L'enfant qui a grandi sans apprendre de langue était autour de 1800 une question essentielle (Brigitte Schlieben-Lange, 1981) pour la philosophie et pour les sciences de l'homme.

Les philosophes et les savants de la fin du dix-huitième siècle n'ont cessé de se demander de quelle manière l'homme acquiert ses connaissances, comment il parvient à parler et quel est le rôle de la société dans son développement. Ils n'ont cessé de croire à la possibilité d'isoler de tout contact humain des nouveaux-nés pour observer leur développement intellectuel et linguistique et pour déterminer ce que l'homme doit à ses propres capacités, d'un côté, et à son éducation, de l'autre.
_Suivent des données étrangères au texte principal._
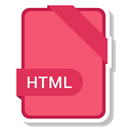 File, Extension, document, html Salmon icon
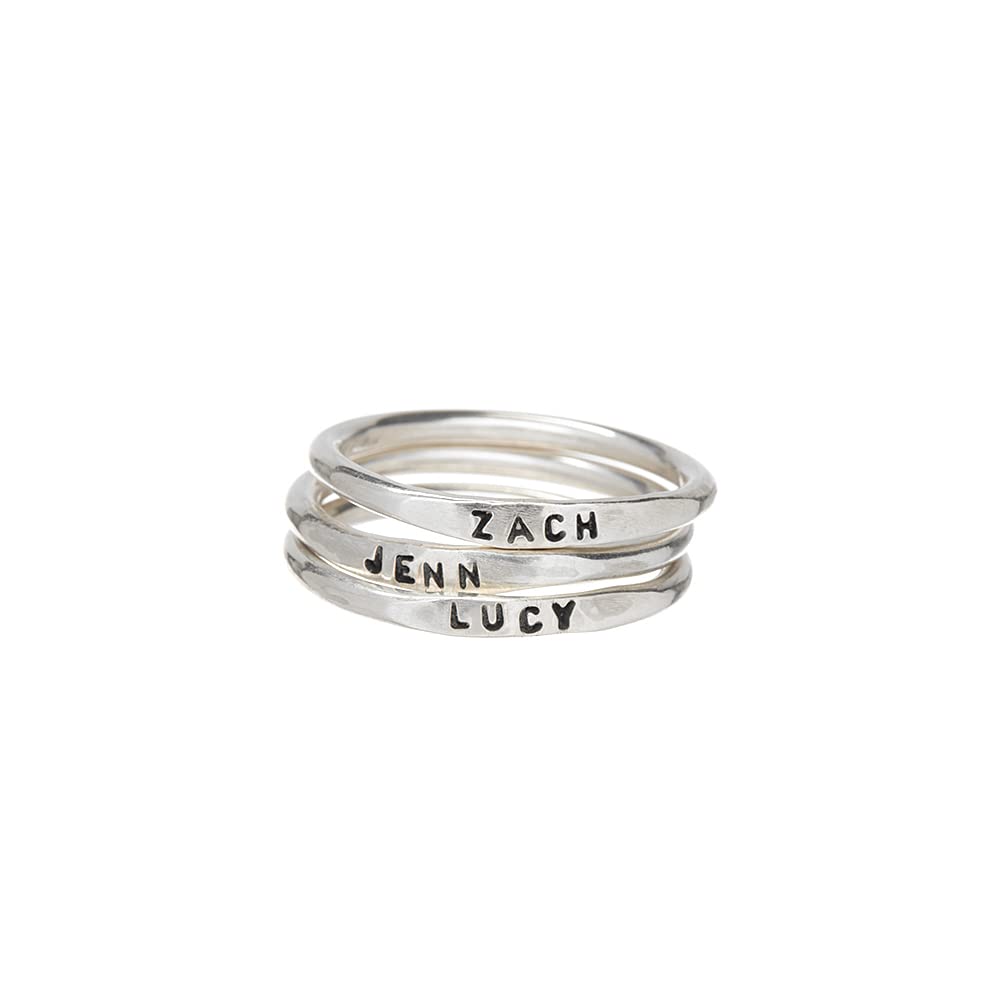 Teeny Tiny Stacking Sterling Silver Ring By Hannah Design Personalized Ring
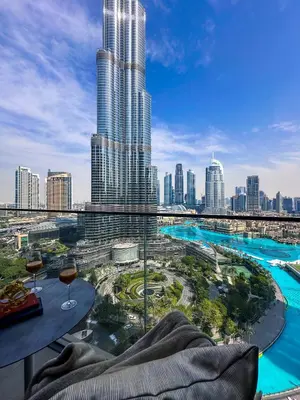 a view of a city skyline from a hotel balcony at Address Residence Dubai Opera 21 by Luxstay Holiday Homes in Dubai
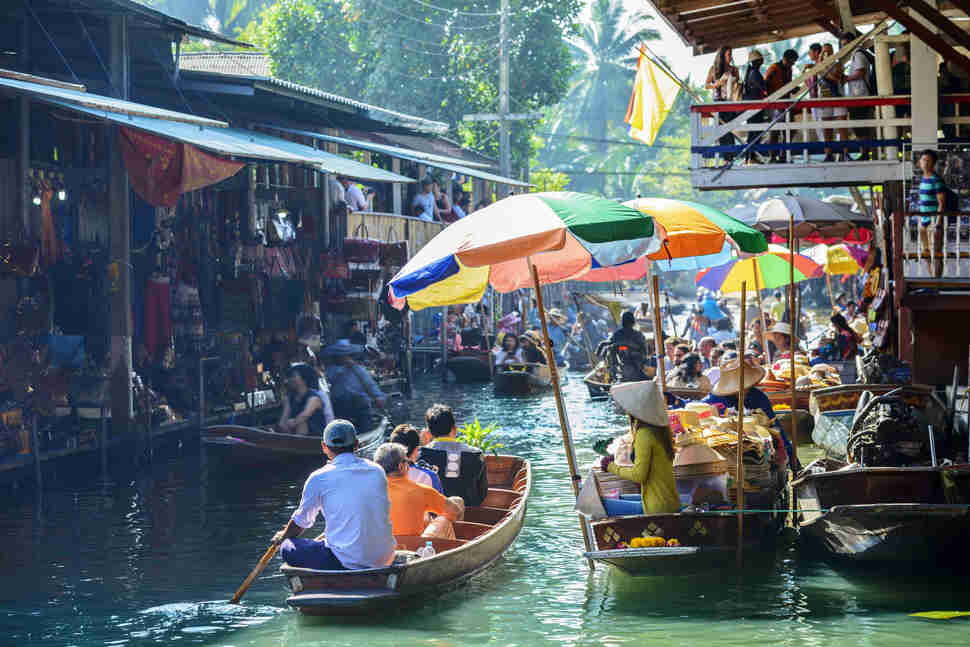 The Damnoen Saduak Floating Market in Bangkok, Thailand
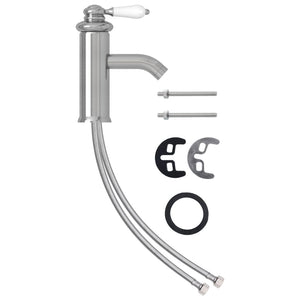 vidaXL Bathroom Basin Faucet Silver 130x180 mm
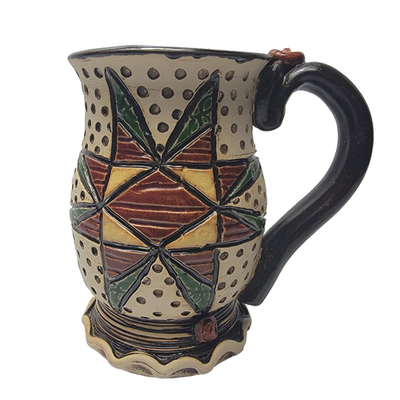 #ad Christian Religous Handmade Coffee Mug Geometric Design Isaiah 40:31 Signed MB $24.95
C'est la raison pour laquelle les enfants privés de la capacité de parler attiraient fortement l'attention des scientifiques. Comment les enfants sourds-muets formaient-ils des idées par rapport aux enfants qui entendaient? Étaient-ils, comme ceux-ci, capables de former des idées complexes et abstraites? Leur langage gestuel n'était-il pas la première étape du développement de toute langue? Quelle était la somme des idées acquises par les nombreux enfants abandonnés dès leur plus jeune âge par leur famille et obligés de vivre seuls? Était-il possible de leur apprendre à parler? Ce sont des questions auxquelles on aspirait à répondre de la manière la plus détaillée possible en se basant uniquement sur des faits préalablement observés. Le but était de reconstituer la naissance des idées et de la langue à partir de cas concrets qu'on considérait comme une sorte d'extrait du développement du genre humain. C'est pourquoi les professeurs de Grammaire Générale des Écoles Centrales nouvellement créées en 1795 en discutent, car ils ont pour tâche de faire découvrir à leurs élèves tout ce qui se passe en eux quand ils pensent, parlent et raisonnent.

L'apparition de l'enfant sauvage était donc philosophiquement bien préparée (Hans Blumenberg, 1989) lorsque, au début de l'année 1800, un petit garçon qui avait apparemment vécu dans les forêts et qui ne parlait pas, fut capturé dans le département de l'Aveyron. Le jeune médecin de l'Institution Nationale des sourds-muets, Jean-Marc Gaspard Itard, prend en charge l'éducation de cet enfant sauvage et présente ses résultats devant la Société des Observateurs de l'homme dans un premier mémoire de 1801 (De l'éducation d'un homme sauvage ou des premiers développements physiques et moraux du jeune sauvage de l'Aveyron), et dans un deuxième en 1806 (Rapport fait à son excellence le ministre de l'Intérieur sur les nouveaux développements et l'état actuel du sauvage de l'Aveyron). Destutt de Tracy, le chef de file d'un groupe de chercheurs appelés Idéologues, avait réclamé qu'on observe un enfant sauvage avec les précautions nécessaires et les détails suffisants (Élémens d'idéologie, 1801). C'est Itard qui répondra à cette exigence dans ses mémoires.

François Truffaut s'inspire des rapports d'Itard et tourne sur le sujet le célèbre film L'enfant sauvage (1969), qui a profondément marqué notre image de cet enfant. Le metteur en scène lui-même y joue le rôle du docteur Itard, tout en se servant de plus de cinquante citations puisées dans les textes originaux.
La discussion du cas de l'enfant sauvage de l'Aveyron persiste jusqu'à nos jours, donnant lieu à de nombreuses publications.

L'exposition montre quelques éléments de l'éducation de l'enfant sauvage tout en les intégrant dans la discussion linguistique de l'époque.